Class BisectingKMeansModel

Object
org.apache.spark.mllib.clustering.BisectingKMeansModel
All Implemented Interfaces:
Serializable, org.apache.spark.internal.Logging, Saveable

public class BisectingKMeansModel extends Object implements Serializable, Saveable, org.apache.spark.internal.Logging
Clustering model produced by BisectingKMeans. The prediction is done level-by-level from the root node to a leaf node, and at each node among its children the closest to the input point is selected.
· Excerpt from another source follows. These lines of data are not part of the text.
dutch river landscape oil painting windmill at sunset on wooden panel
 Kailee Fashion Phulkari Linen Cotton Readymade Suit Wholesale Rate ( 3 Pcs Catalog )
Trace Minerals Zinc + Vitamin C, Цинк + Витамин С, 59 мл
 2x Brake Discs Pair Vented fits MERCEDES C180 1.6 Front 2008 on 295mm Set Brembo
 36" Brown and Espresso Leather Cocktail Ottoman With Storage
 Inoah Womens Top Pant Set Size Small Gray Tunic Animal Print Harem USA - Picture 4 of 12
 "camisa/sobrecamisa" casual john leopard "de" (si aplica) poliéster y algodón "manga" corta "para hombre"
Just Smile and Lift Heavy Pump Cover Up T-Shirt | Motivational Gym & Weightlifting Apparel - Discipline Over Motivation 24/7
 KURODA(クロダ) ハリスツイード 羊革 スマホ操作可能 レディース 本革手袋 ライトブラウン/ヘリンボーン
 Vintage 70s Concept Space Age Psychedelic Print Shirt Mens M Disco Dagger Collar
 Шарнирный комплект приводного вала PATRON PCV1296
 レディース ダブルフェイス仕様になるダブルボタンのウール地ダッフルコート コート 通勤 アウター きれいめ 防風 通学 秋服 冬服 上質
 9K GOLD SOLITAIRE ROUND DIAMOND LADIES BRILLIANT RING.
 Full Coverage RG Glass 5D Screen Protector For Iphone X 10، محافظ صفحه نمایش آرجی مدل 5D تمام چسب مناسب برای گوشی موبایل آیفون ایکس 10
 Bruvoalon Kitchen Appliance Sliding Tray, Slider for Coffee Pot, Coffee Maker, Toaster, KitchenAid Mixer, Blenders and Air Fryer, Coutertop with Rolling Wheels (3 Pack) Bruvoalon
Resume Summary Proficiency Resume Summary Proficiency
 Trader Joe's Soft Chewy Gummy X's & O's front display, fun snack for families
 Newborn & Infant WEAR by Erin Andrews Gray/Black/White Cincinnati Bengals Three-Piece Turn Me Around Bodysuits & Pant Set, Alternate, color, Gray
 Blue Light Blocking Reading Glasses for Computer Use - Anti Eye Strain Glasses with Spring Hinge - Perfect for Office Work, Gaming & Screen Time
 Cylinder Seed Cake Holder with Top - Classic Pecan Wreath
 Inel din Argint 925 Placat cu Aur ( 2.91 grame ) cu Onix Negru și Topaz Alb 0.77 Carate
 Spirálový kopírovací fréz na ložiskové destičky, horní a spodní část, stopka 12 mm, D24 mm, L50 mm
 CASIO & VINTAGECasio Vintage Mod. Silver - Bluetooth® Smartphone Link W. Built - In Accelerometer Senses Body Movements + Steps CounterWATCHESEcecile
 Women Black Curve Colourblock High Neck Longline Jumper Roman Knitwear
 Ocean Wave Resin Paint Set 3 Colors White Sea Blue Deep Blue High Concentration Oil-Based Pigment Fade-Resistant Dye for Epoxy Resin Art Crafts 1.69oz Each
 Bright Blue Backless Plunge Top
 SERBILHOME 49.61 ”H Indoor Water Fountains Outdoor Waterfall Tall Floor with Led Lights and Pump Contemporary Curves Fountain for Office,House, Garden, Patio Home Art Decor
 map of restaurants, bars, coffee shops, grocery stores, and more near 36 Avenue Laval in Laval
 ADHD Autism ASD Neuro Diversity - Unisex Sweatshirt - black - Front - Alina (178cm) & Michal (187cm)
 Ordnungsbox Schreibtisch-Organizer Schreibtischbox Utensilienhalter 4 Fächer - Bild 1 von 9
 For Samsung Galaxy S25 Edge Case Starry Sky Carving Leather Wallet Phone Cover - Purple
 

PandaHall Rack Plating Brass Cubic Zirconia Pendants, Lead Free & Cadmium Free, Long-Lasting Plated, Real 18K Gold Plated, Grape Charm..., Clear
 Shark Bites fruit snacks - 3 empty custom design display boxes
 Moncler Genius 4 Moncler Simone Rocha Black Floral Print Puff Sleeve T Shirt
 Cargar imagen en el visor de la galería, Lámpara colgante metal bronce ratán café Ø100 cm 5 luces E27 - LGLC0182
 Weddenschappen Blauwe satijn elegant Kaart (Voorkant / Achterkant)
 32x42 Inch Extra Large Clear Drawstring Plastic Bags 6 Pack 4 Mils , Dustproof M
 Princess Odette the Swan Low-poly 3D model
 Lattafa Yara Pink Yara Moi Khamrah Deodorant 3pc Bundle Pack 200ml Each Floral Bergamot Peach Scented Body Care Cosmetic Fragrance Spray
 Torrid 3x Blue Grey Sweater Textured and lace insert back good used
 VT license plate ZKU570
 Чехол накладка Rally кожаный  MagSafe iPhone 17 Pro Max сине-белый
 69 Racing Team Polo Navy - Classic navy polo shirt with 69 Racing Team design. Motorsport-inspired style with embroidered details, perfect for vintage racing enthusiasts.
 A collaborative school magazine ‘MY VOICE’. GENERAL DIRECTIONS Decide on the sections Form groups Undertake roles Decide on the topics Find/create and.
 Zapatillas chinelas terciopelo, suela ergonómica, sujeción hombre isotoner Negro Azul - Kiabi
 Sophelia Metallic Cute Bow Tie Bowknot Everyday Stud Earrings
param: root the root node of the clustering tree

See Also:
  • Nested Class Summary

    Nested Classes
    Modifier and Type
    Class
    Description
    static class 
     
    static class 
     
    static class 
     

    Nested classes/interfaces inherited from interface org.apache.spark.internal.Logging

    org.apache.spark.internal.Logging.LogStringContext, org.apache.spark.internal.Logging.SparkShellLoggingFilter
  • Constructor Summary

    Constructors
    Constructor
    Description
    BisectingKMeansModel(org.apache.spark.mllib.clustering.ClusteringTreeNode root)
     
  • Method Summary

    Modifier and Type
    Method
    Description
    Leaf cluster centers.
    double
    Java-friendly version of computeCost().
    double
    Computes the squared distance between the input point and the cluster center it belongs to.
    double
    Computes the sum of squared distances between the input points and their corresponding cluster centers.
     
    int
    k()
     
     
    Java-friendly version of predict().
    int
    predict(Vector point)
    Predicts the index of the cluster that the input point belongs to.
    predict(RDD<Vector> points)
    Predicts the indices of the clusters that the input points belong to.
    void
    Save this model to the given path.
    double
     

    Methods inherited from class java.lang.Object

    equals, getClass, hashCode, notify, notifyAll, toString, wait, wait, wait

    Methods inherited from interface org.apache.spark.internal.Logging

    initializeForcefully, initializeLogIfNecessary, initializeLogIfNecessary, initializeLogIfNecessary$default$2, isTraceEnabled, log, logDebug, logDebug, logDebug, logDebug, logError, logError, logError, logError, logInfo, logInfo, logInfo, logInfo, logName, LogStringContext, logTrace, logTrace, logTrace, logTrace, logWarning, logWarning, logWarning, logWarning, org$apache$spark$internal$Logging$$log_, org$apache$spark$internal$Logging$$log__$eq, withLogContext
  • Constructor Details

    • BisectingKMeansModel

      public BisectingKMeansModel(org.apache.spark.mllib.clustering.ClusteringTreeNode root)
  • Method Details

    • load

      public static BisectingKMeansModel load(SparkContext sc, String path)
    • distanceMeasure

      public String distanceMeasure()
    • trainingCost

      public double trainingCost()
    • clusterCenters

      public Vector[] clusterCenters()
      Leaf cluster centers.
      Returns:
      (undocumented)
    • k

      public int k()
    • predict

      public int predict(Vector point)
      Predicts the index of the cluster that the input point belongs to.
      Parameters:
      point - (undocumented)
      Returns:
      (undocumented)
    • predict

      public RDD<Object> predict(RDD<Vector> points)
      Predicts the indices of the clusters that the input points belong to.
      Parameters:
      points - (undocumented)
      Returns:
      (undocumented)
    • predict

      public JavaRDD<Integer> predict(JavaRDD<Vector> points)
      Java-friendly version of predict().
      Parameters:
      points - (undocumented)
      Returns:
      (undocumented)
    • computeCost

      public double computeCost(Vector point)
      Computes the squared distance between the input point and the cluster center it belongs to.
      Parameters:
      point - (undocumented)
      Returns:
      (undocumented)
    • computeCost

      public double computeCost(RDD<Vector> data)
      Computes the sum of squared distances between the input points and their corresponding cluster centers.
      Parameters:
      data - (undocumented)
      Returns:
      (undocumented)
    • computeCost

      public double computeCost(JavaRDD<Vector> data)
      Java-friendly version of computeCost().
      Parameters:
      data - (undocumented)
      Returns:
      (undocumented)
    • save

      public void save(SparkContext sc, String path)
      Description copied from interface: Saveable
      Save this model to the given path.

      This saves: - human-readable (JSON) model metadata to path/metadata/ - Parquet formatted data to path/data/

      The model may be loaded using Loader.load.

      Specified by:
      save in interface Saveable
      Parameters:
      sc - Spark context used to save model data.
      path - Path specifying the directory in which to save this model. If the directory already exists, this method throws an exception.